5 Greatest Bob Dylan Acoustic Songs

photo credits to youtube.com/BobDylan

We respectfully select the must-have classics from the huge and legendary catalog of the folk hero turned rock star. Mr. Tambourine Man? Knockin’ on Heaven’s Door? Blowin’ in the Wind? Below are the 5 Greatest Bob Dylan Acoustic Songs. Which one is your favourite?


Don’t Think Twice It’s All Right (1963)

This is perhaps his best farewell song, the saddest and the sweetest at the same time, like Led Zeppelin’s Babe I’m gonna leave you.
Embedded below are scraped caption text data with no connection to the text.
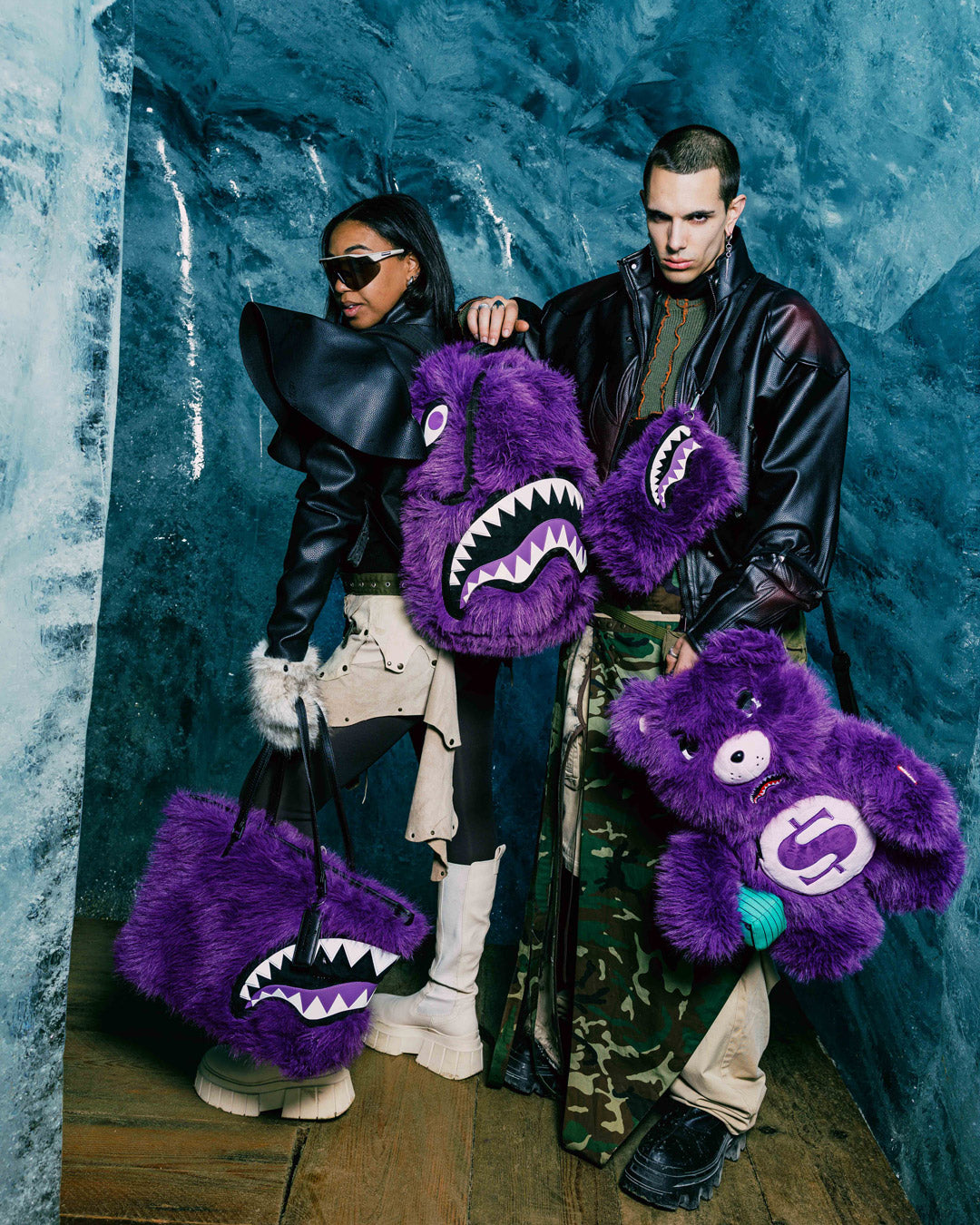 Limited Edition FURZILLA SHARK PURP BACKPACK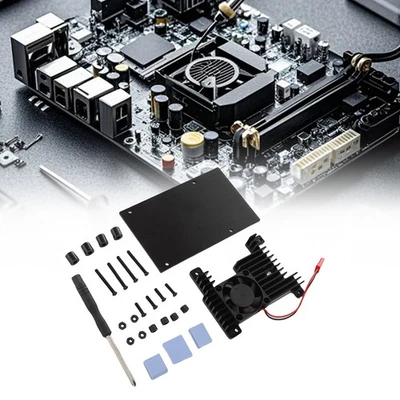 Custodia per scheda di sviluppo adatta per custodia arancione Pi 3B con passivo Coo BAJ - Immagine 1 di 4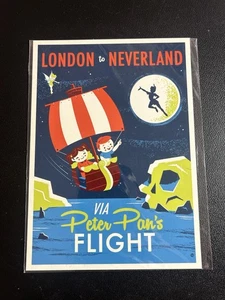 Postal de la Galería Disney WonderGround de Londres a Neverland a través de Peter Pan’s Flight - Imagen 1 de 2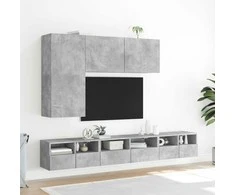 TV staliukas Sieninė TV spintelė, betono pilka, 60x30x30cm, apdirbta mediena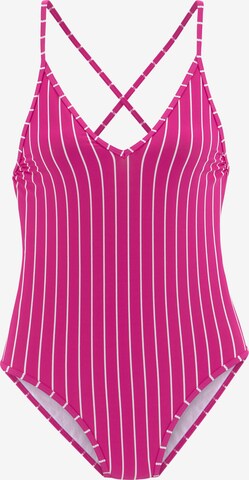 Triangle Maillot de bain VIVANCE en rose : devant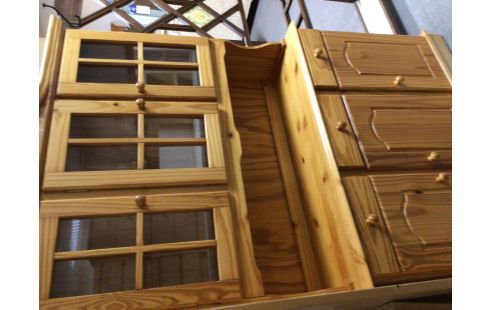 MEUBLE 2 CORPS EN PIN 6P 3T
It’s a classic within an album full of classics that served as the singer’s first letter of introduction to the world, The Freewheelin’ Bob Dylan.


A Hard Rain’s A Gonna Fall (1963)

Despite being written in the midst of the Cold War and in the midst of the missile crisis in Cuba, this song is unfortunately still relevant today. His apocalyptic verses about injustice, suffering, pollution or war are still valid while we wait for news, for example, of the tension between Russia and Ukraine or in general, every time we turn on the television.


The Times They Are A-Changin (1964)

The song that gives title to his third album, the first that had only songs composed by him based on acoustic guitar and harmonica, was an anthem for an entire generation. “I knew exactly what I wanted to say and who I wanted to say it to,” he said of this masterpiece whose meaning has been diluted over time as it served as the soundtrack to bank announcements or the opening credits of Zack Snyder’s Watchmen.


Mr. Tambourine Man (1965)

This happy song that curiously begins with the chorus was recorded by Dylan for his fifth album, Bringing It All Back Home, but before it was released, the group The Byrds would reach number one on the charts with it, being Mr. Tambourine Man the first great success in the history of folk-rock.


Blowin’ in the Wind (1963)

A song that is almost 60 years old has not only aged well, but could perfectly well have been composed in 2022, it is because there is no doubt that it is a bestiality of a song. Probably the best in history. Nothing more to add, your honor.